[Opening Given records section]

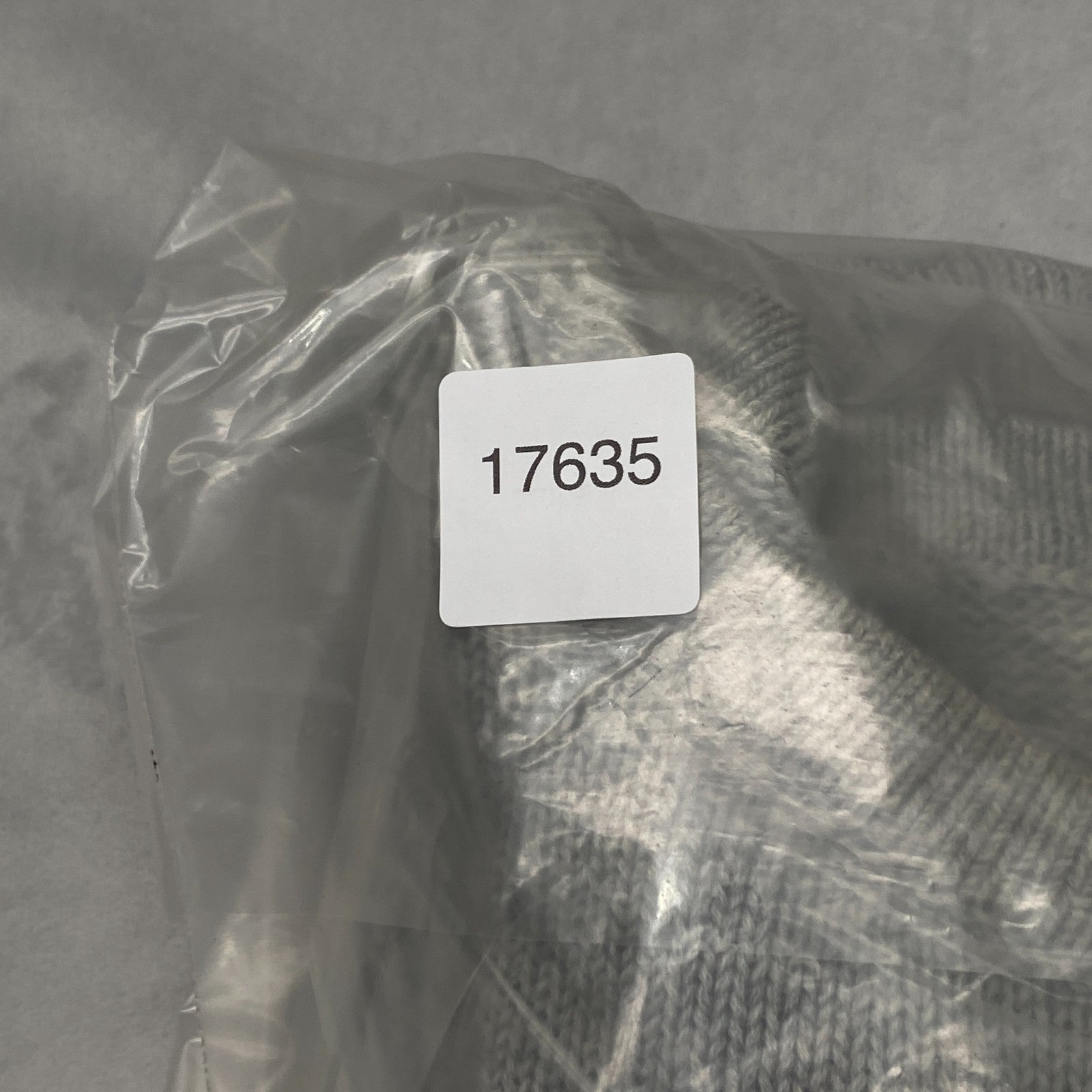 Product photograph [circular:eda67d3d2c3c01f0]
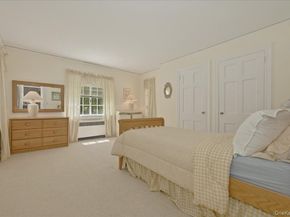 4 The Birches, Roslyn Estates NY 11576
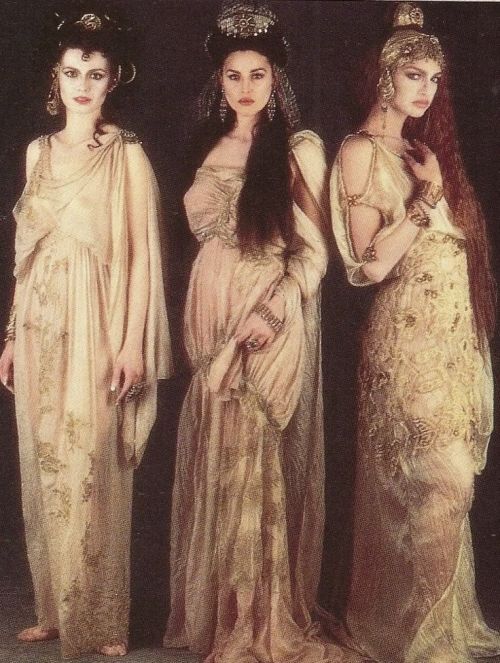 Brides of Dracula 1931 &amp; 1992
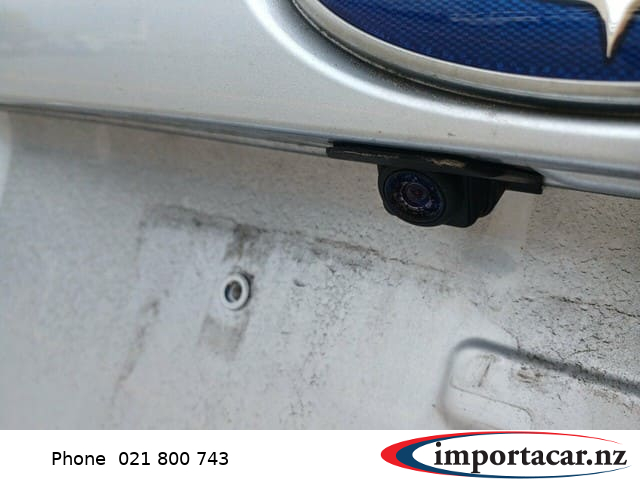 Vehicle Pic 3235505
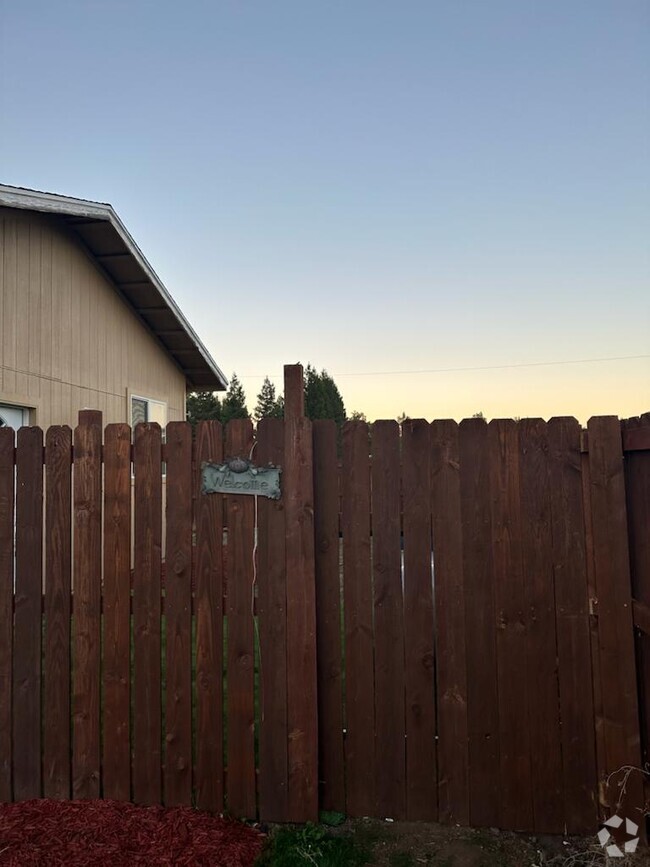 Apartments for Rent in Los Molinos CA 4 Rentals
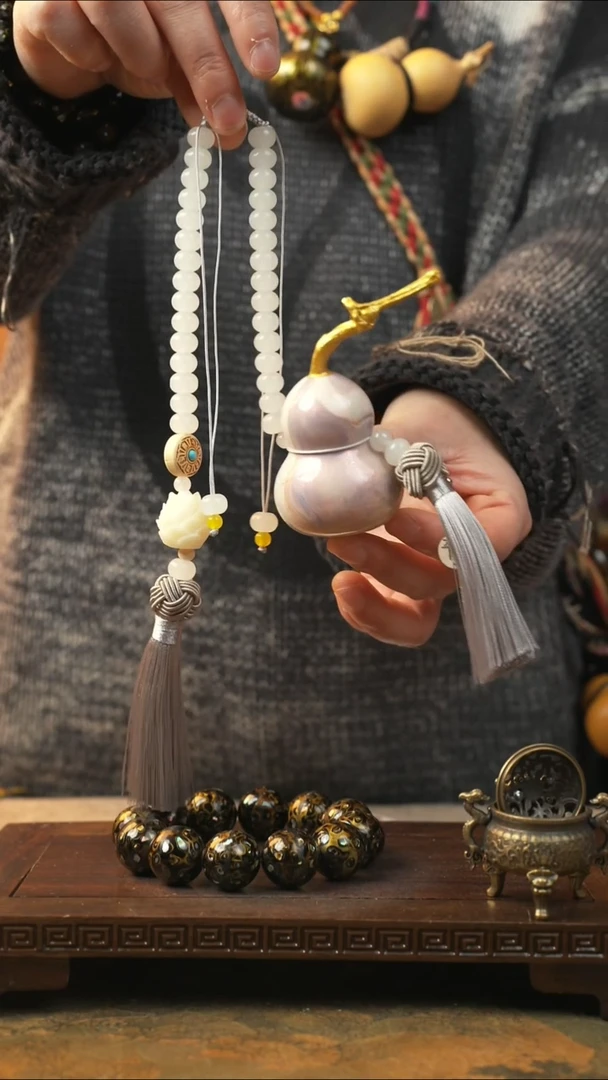 175车挂【00000000000】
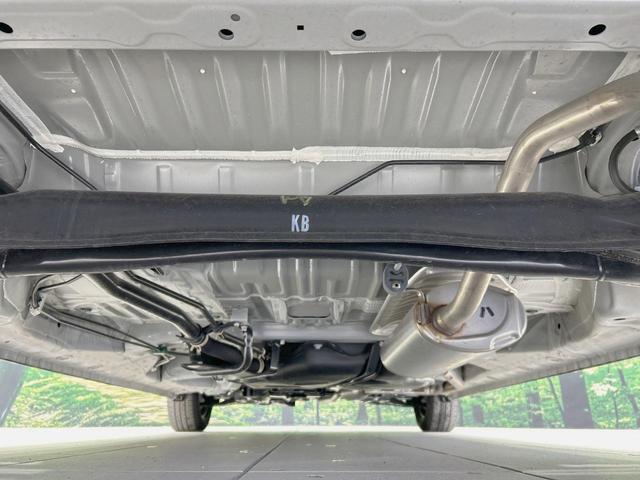 N-BOX ベースグレード 純正8型ナビ 電動スライドドア バックカメラ 衝突軽減 レーダークルーズ 禁煙車 コーナーセンサー スマートキー LEDヘッド ETC 車線逸脱警報 オートライト Bluetooth 地デジ(19枚目)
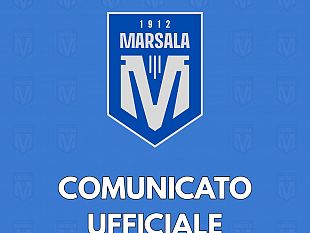 marsala-1912-ufficiale-il-nuovo-allenatore-filippo-chinnici-presentazione-giovedi-19-giugno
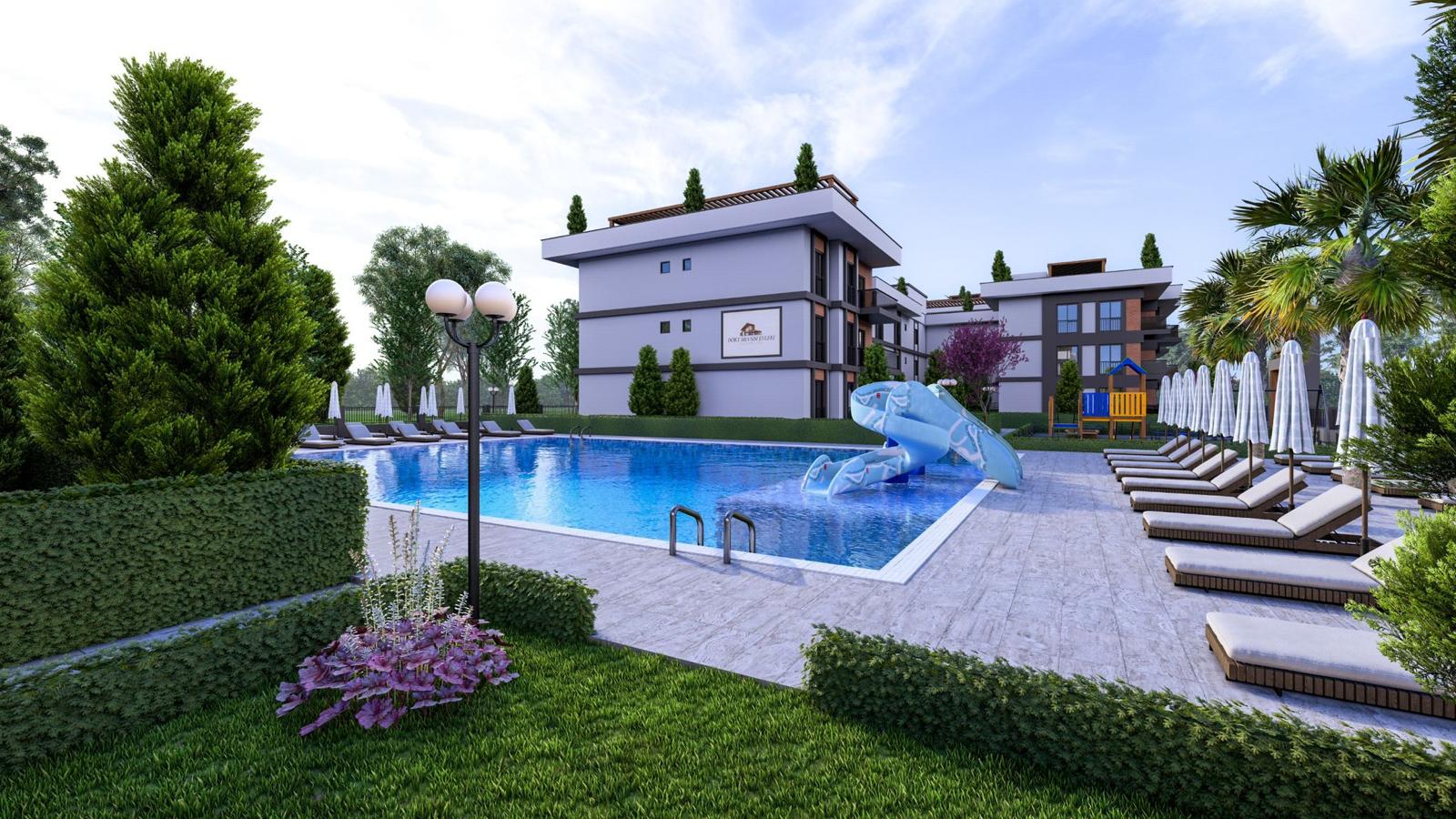 Abdullah filizfidanoğlu inşaat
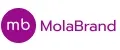 Аналитика бренда MolaBrand на Wildberries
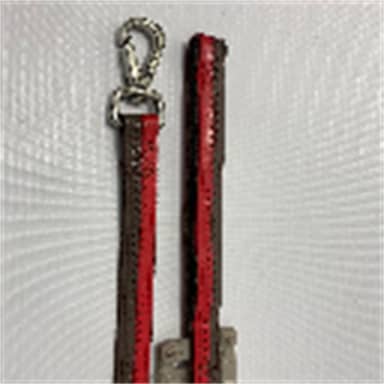 CORREA COCO MEDUIM 15MMX120 MARRON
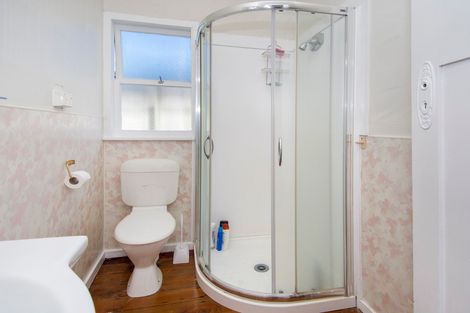 Photo of property in 1282b Papamoa Beach Road, Papamoa Beach, Papamoa, 3118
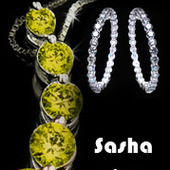 Avatar de sashafinejewel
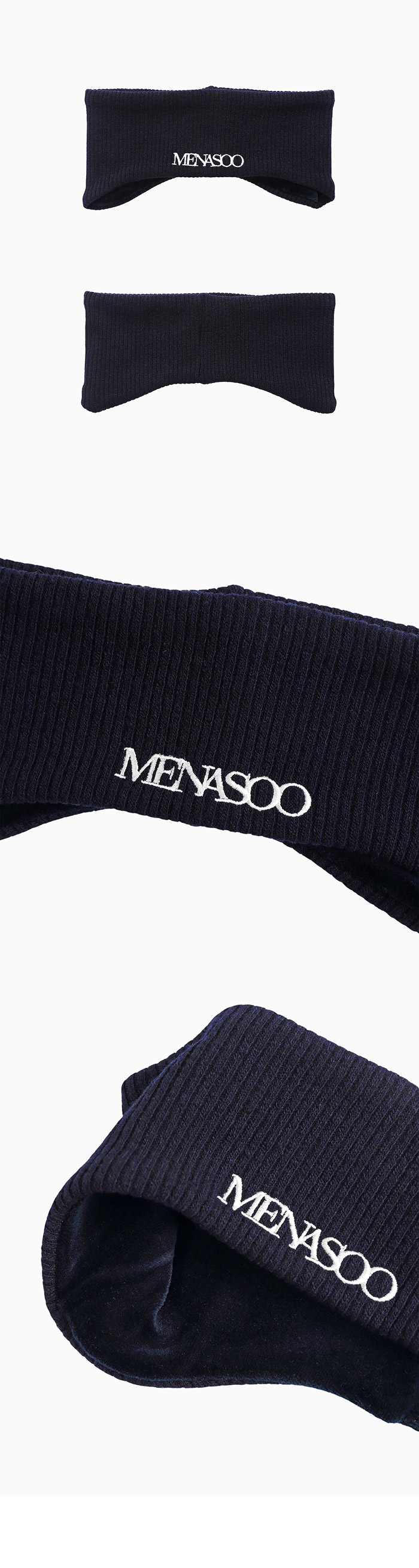 상품 상세 페이지 2: 상품 누끼 이미지 (상품컷)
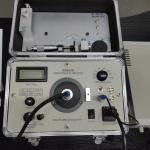 Digital Vibration Calibrator Calibrate Vibration Meter Vibration Shaker 1Hz to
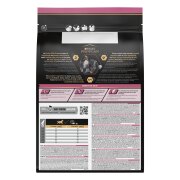 PRO PLAN Medium Adult sensitive skin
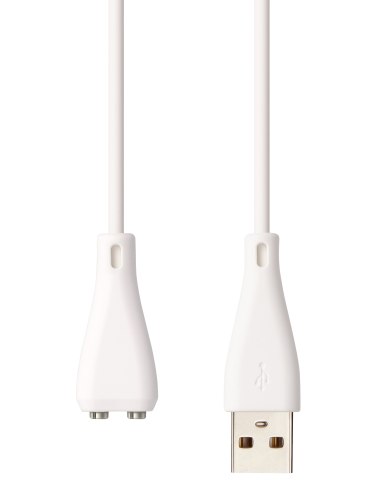 Vibrátor Svakom Iris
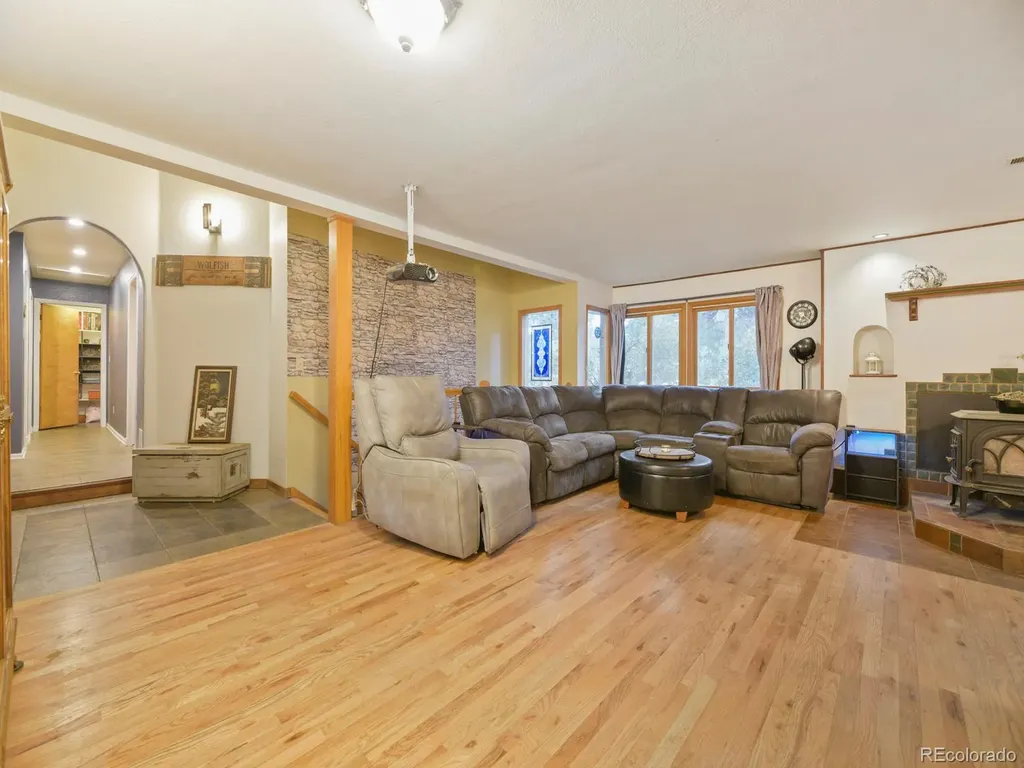 6569 Kiem Road Evergreen CO 80439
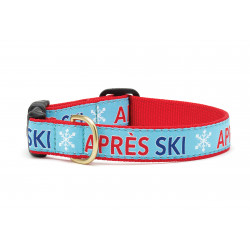 Apres Ski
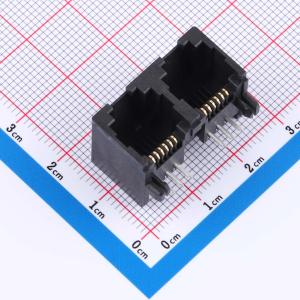 438146621商品缩略图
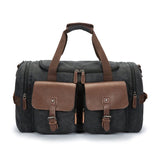 Elite Expedition: Discoverer Duffel™ - Opulent EmpireElite Expedition: Discoverer Duffel™Opulent EmpireMen Bags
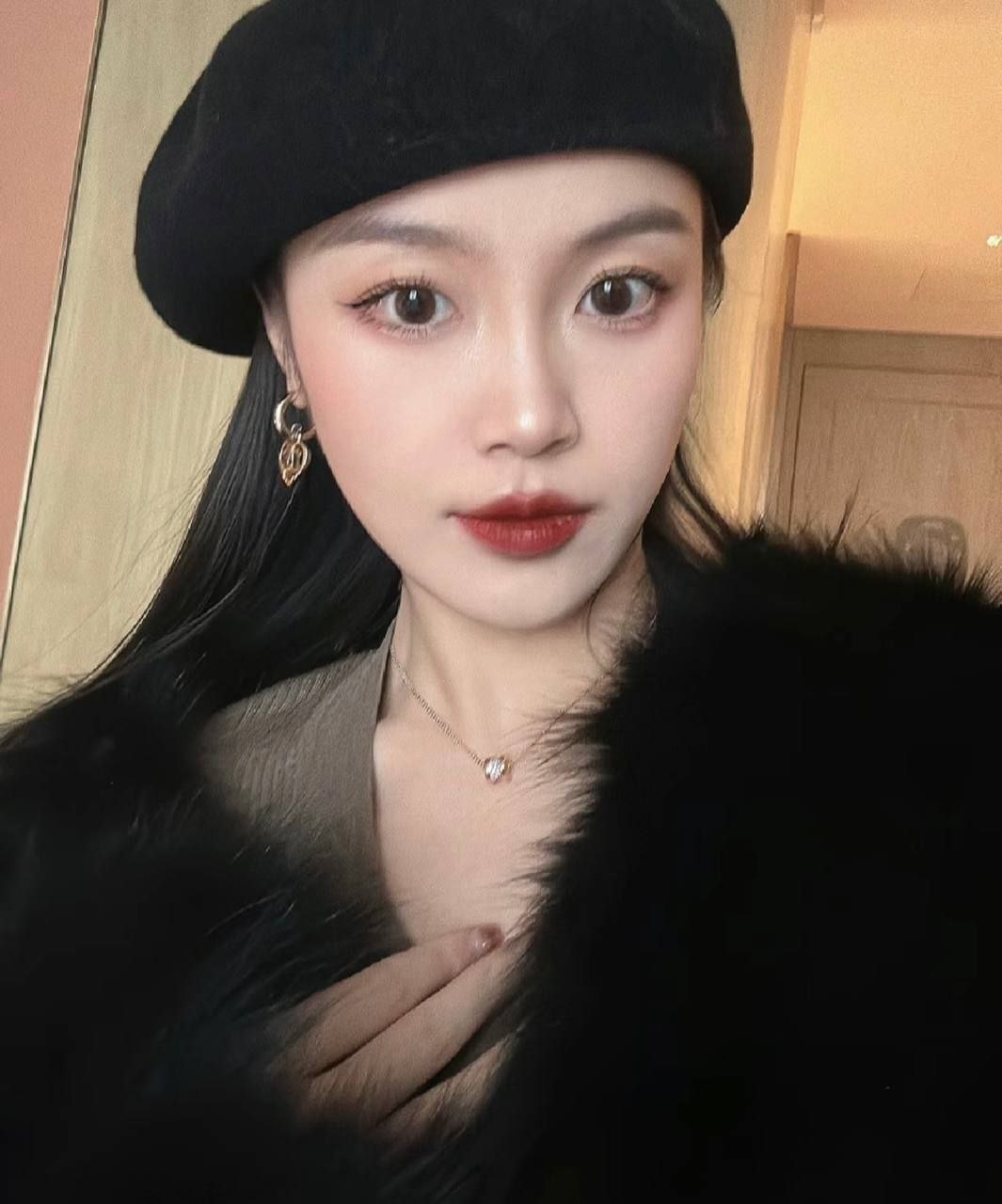 翁公快点好爽好舒服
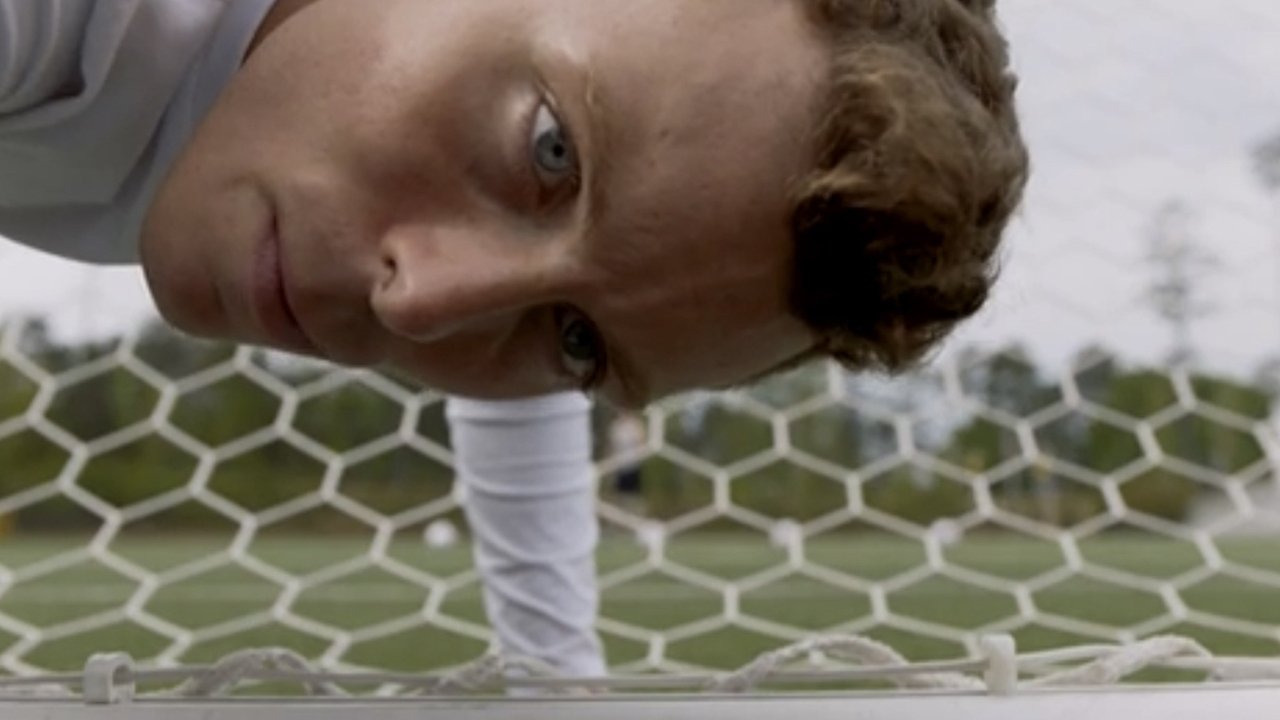 MOV (2022)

[Closing Given records section]

* What the exercise asks: The reply must hold each line of the records verbatim and no pictures.

* Exercise answer:
 Product photograph [circular:eda67d3d2c3c01f0]
 4 The Birches, Roslyn Estates NY 11576
 Brides of Dracula 1931 &amp; 1992
 Vehicle Pic 3235505
 Apartments for Rent in Los Molinos CA 4 Rentals
 175车挂【00000000000】
 N-BOX ベースグレード 純正8型ナビ 電動スライドドア バックカメラ 衝突軽減 レーダークルーズ 禁煙車 コーナーセンサー スマートキー LEDヘッド ETC 車線逸脱警報 オートライト Bluetooth 地デジ(19枚目)
 marsala-1912-ufficiale-il-nuovo-allenatore-filippo-chinnici-presentazione-giovedi-19-giugno
 Abdullah filizfidanoğlu inşaat
 Аналитика бренда MolaBrand на Wildberries
 CORREA COCO MEDUIM 15MMX120 MARRON
 Photo of property in 1282b Papamoa Beach Road, Papamoa Beach, Papamoa, 3118
 Avatar de sashafinejewel
 상품 상세 페이지 2: 상품 누끼 이미지 (상품컷)
 Digital Vibration Calibrator Calibrate Vibration Meter Vibration Shaker 1Hz to
 PRO PLAN Medium Adult sensitive skin
 Vibrátor Svakom Iris
 6569 Kiem Road Evergreen CO 80439
 Apres Ski
 438146621商品缩略图
 Elite Expedition: Discoverer Duffel™ - Opulent EmpireElite Expedition: Discoverer Duffel™Opulent EmpireMen Bags
 翁公快点好爽好舒服
 MOV (2022)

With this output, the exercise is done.